Structural, photophysical and nonlinear optical limiting properties of sandwich phthalocyanines with different rare earth metals

Four sandwich phthalocyanines with different rare earth metals (La, Y, Yb and Sc) are synthesized to investigate the influence of aggregation on nonlinear optical limiting effect. Hyperchem fitting results show that the distance between the phthalocyanine rings of the four phthalocyanine compounds is 2.81, 2.69, 2.56 and 2.38 Å for LaPc (Tetra-β-(4-nitro) lanthanum phthalocyanine), YPc (Tetra-β-(4-nitro) yttrium phthalocyanine), YbPc (Tetra-β-(4-nitro) ytterbium phthalocyanine) and ScPc (Tetra-β-(4-nitro) scandium phthalocyanine), respectively.

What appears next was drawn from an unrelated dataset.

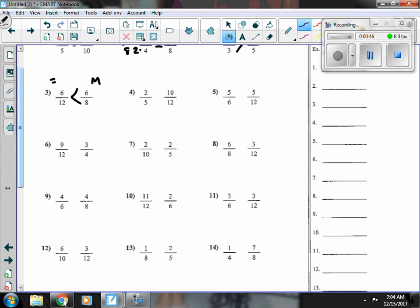Number four, two-fifths is close, but it's a little bit less than a half. Ten-twelfths is more than a half, and so then ten-twelfths is bigger.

As the radius of rare earth ions decreases, the interlayer spacing between phthalocyanine rings decreases, which greatly increases the degree of aggregation between phthalocyanine rings. As a result, the photophysical and nonlinear absorption coefficients of different rare-earth phthalocyanines also show regular changes. The nonlinear absorption coefficients of the four rare-earth phthalocyanines were LaPc (β = 1.86ⅹ10⁻¹⁰ m/W), YPc (β = 9.78ⅹ10⁻¹¹ m/W), YbPc (β = 6.63ⅹ10⁻¹¹ m/W), ScPc (β = 7.43ⅹ10⁻¹¹ m/W), respectively, indicating that the degree of aggregation between phthalocyanine rings gradually increases as the radius of rare earth metals changes from La, Y, Yb, to Sc, which inhibits the reverse saturable absorption process of the triplet states, resulting in a gradual decrease of the nonlinear absorption coefficient. The experimental results fully reveal the effect of the aggregation effect between phthalocyanine rings on photophysical and nonlinear optical properties, and would provide a theoretical basis for the design of high-performance nonlinear optical materials.